Probability and Statistics for Machine Learning: A Textbook. Charu C. Aggarwal
Probability-and-Statistics-for.pdf
ISBN: 9783031532818 | 522 pages | 14 Mb
- Probability and Statistics for Machine Learning: A Textbook
- Charu C. Aggarwal
- Page: 522
- Format: pdf, ePub, fb2, mobi
- ISBN: 9783031532818
- Publisher: Springer Nature Switzerland
Ebook free download german Probability and Statistics for Machine Learning: A Textbook MOBI English version 9783031532818
This book covers probability and statistics from the machine learning perspective. The chapters of this book belong to three categories: 1. The basics of probability and statistics: These chapters focus on the basics of probability and statistics, and cover the key principles of these topics. Chapter 1 provides an overview of the area of probability and statistics as well as its relationship to machine learning. The fundamentals of probability and statistics are covered in Chapters 2 through 5. 2. From probability to machine learning: Many machine learning applications are addressed using probabilistic models, whose parameters are then learned in a data-driven manner. Chapters 6 through 9 explore how different models from probability and statistics are applied to machine learning. Perhaps the most important tool that bridges the gap from data to probability is maximum-likelihood estimation, which is a foundational concept from the perspective of machine learning.

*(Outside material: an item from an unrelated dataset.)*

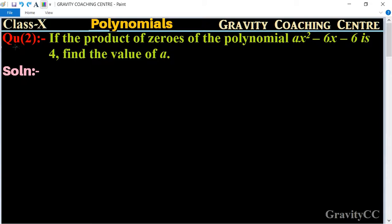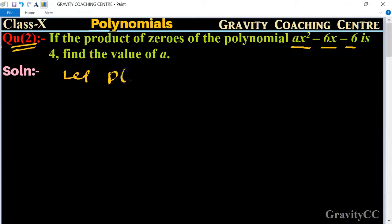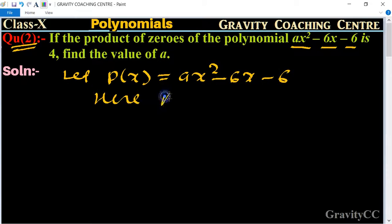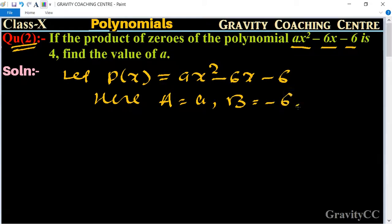Class 10, chapter polynomials, question number 2: if the product of zeros of the polynomial ax² minus 6x minus 6 is 4, find the value of a. Let p(x) = ax² - 6x - 6, where a = a, b = -6, and c = -6.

This concept is explored repeatedly in these chapters. 3. Advanced topics: Chapter 10 is devoted to discrete-state Markov processes. It explores the application of probability and statistics to a temporal and sequential setting, although the applications extend to more complex settings such as graphical data. Chapter 11 covers a number of probabilistic inequalities and approximations. The style of writing promotes the learning of probability and statistics simultaneously with a probabilistic perspective on the modeling of machine learning applications. The book contains over 200 worked examples in order to elucidate key concepts. Exercises are included both within the text of the chapters and at the end of the chapters. The book is written for a broad audience, including graduate students, researchers, and practitioners.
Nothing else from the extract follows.